Today, my lovely readers, we’re going to talk about adverbs, which far too often take a backseat to their glamorous cousins, the adjectives.
However, adverbs play an equally important role in English grammar. They are used to modify, qualify, limit and describe by indicating things such as time, place, quantity and manner. They provide the answer to questions like: when? where? how? and how much? And don’t let their name fool you. While adverbs do modify verbs, they have also been known to modify adjectives, other adverbs, prepositions, conjunctions and clauses.
In fact, adverbs are kind of like the miscellaneous bin of English grammar. Words that don’t easily fit into other categories usually end up labelled as adverbs.
So now that you have a little background, let’s look at some examples of adverbs modifying all those different parts of speech.

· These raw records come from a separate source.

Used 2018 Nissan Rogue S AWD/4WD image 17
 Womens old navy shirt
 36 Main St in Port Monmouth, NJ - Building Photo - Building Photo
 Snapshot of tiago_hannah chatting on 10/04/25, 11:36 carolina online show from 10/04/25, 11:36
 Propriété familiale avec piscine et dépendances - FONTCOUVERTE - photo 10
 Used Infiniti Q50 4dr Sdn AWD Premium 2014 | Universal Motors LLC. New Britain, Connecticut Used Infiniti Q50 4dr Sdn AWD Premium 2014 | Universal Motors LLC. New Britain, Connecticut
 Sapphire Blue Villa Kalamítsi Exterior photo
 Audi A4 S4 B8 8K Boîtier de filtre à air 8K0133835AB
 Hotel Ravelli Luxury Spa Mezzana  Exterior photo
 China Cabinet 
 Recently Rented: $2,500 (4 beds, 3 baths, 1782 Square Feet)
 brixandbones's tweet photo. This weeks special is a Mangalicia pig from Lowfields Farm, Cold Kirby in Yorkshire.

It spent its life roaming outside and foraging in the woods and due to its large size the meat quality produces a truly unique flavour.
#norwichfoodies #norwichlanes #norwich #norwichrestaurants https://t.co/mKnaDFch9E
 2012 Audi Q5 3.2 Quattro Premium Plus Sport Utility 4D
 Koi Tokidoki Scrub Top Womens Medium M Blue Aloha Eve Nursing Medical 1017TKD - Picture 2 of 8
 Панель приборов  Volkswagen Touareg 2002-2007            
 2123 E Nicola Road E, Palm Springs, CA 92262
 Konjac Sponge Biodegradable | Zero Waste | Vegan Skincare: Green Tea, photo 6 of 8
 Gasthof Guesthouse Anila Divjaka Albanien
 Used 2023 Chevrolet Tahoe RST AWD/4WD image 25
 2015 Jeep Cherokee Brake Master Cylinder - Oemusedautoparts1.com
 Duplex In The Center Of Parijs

The adverbs are in bold and the words they modify are in italics.
Adverb modifying a verb:
- The Weird Sisters stirred the cauldron vigorously.
Adverb modifying an adjective:
- Iago’s misguided revenge on Othello was incredibly twisted.
Adverb modifying another adverb:
- Once her mind was made up, Lady Macbeth acted very swiftly.
Adverb modifying a preposition:
- Hamlet showed Horatio the skull he had discovered just beneath his feet.
Adverb modifying a conjunction:
- That was exactly when Falstaff fell over.
Adverb modifying a clause:
- Apparently Oberon and Titania had a complicated relationship.
See, adverbs can be glamorous too! Be sure and spread the word.